Zitat des Tages von Mary Karr:
I was 40 years old before I became an overnight success, and I'd been publishing for 20 years.
As a memoirist, I strive for veracity.
Every poem probably has sixty drafts behind it.
The emotional stakes a memoirist bets with could not be higher, and it's physically enervating. I nap on a daily basis like a cross-country trucker.
Most of the people I write about I'm still in touch with, so I would be loath to make up stuff about them.
I don't have a copy of my books, and the degree to which I never read them is profound. I never look.
For days on end, I avoid the Web, never logging in until about two or three, after I've written all morning. On a good week, I don't go online till after Wednesday, so four or five days might lapse without my checking e-mail.
Young writers often mistakenly choose a certain vein or style based on who they want to be, unconsciously trying to blot out who they actually are. You want to escape yourself.
I've been teaching classes on memoirs since 1986, and I've been reading them all my life, and I think that I would like to write a critical book that might have some of those how-to elements in it.
The failures of other genres to provide an emotional connection with some of their characters and narratives gives memoir a toehold.
When people suffer, their relationships usually suffer as well. Period. And we all suffer because, as the Buddha says, that's the nature of being human and wanting stuff we don't always get.
The truth is when I went to graduate school I would've said I was among the least talented of the students, I was certainly the least smart, or less educated. But I worked very hard.
There are women succeeding beyond their wildest dreams because of their sobriety.
I've never contended that I had a really horrible life.
I'm always terrified when I'm writing.
I'm always astonished by the confidence my readers put in me.
I find a great deal of comfort and care in my faith and prayer. I'd sooner do without air than prayer.

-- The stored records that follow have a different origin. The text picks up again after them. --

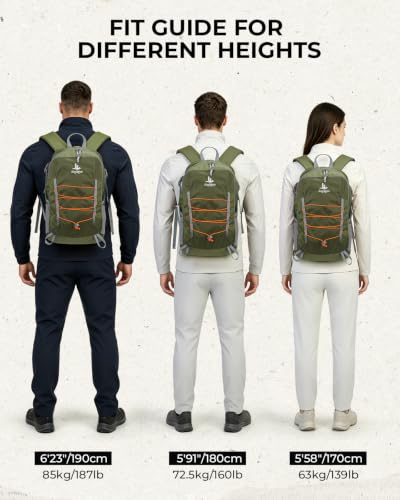 20L Hiking Backpack,Lightweight Travel Backpacks Women Men,Green - color: Green
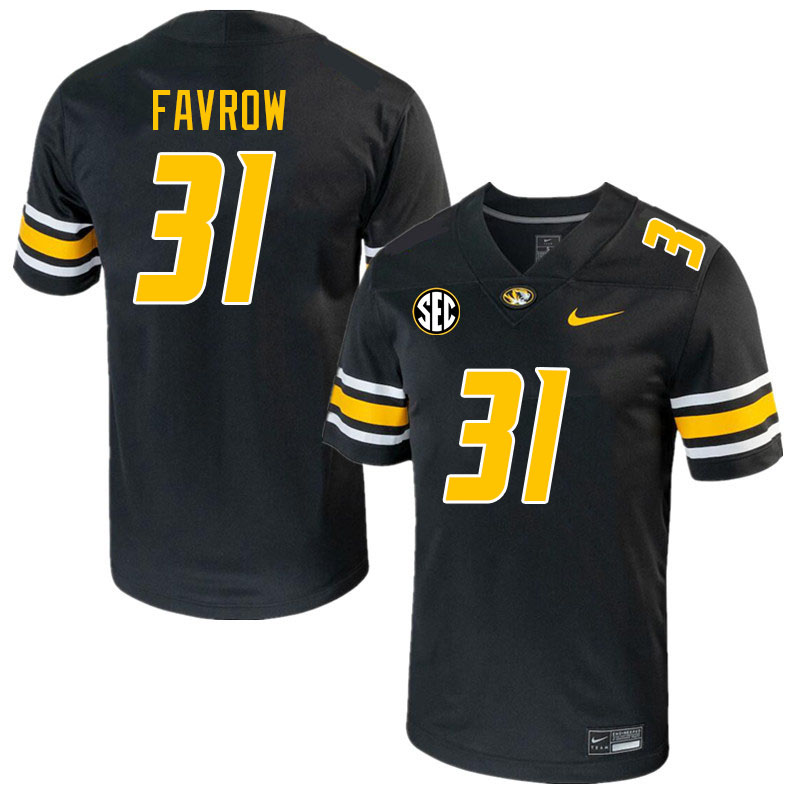 Men #31 Anthony Favrow Missouri Tigers College 2023 Football Stitched Jerseys Sale-Black
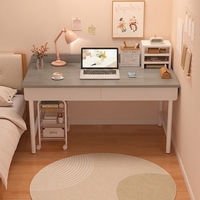 Bureau d'étude en bois double pour enfants, style crème, non pliable, avec grand plateau, idéal pour le bureau et les étudiants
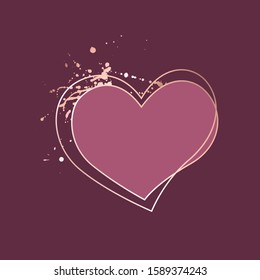 Heart shaped frame with rose gold texture, shiny splatters.  Glamour composition for card, invitation, save the date, logo design. Valentine's day design.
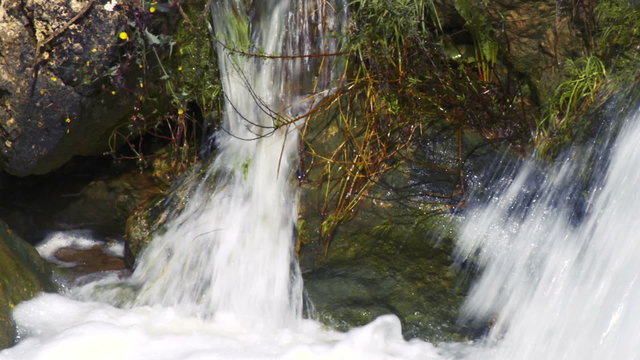 Royalty Free Stock Video Footage of the bottom of a waterfall shot in Israel at 4k with Red.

It's completely through prayer that I came to believe in God. I just sensed a presence south of my neck.
The thing I have to do as a writer, and that God permits me to do, is that I have to be willing to fail.
Both my parents were agnostic. My mother was kind of a Buddhist. She had some spiritual tendencies, but they were kind of flaky - New Agey, you know? Which is partly why I'm suspicious of that sort of thing. I'm skeptical of any spiritual practice that doesn't involve other people and doesn't involve some sort of consistent tradition.
When I got sober, I thought giving up was saying goodbye to all the fun and all the sparkle, and it turned out to be just the opposite. That's when the sparkle started for me.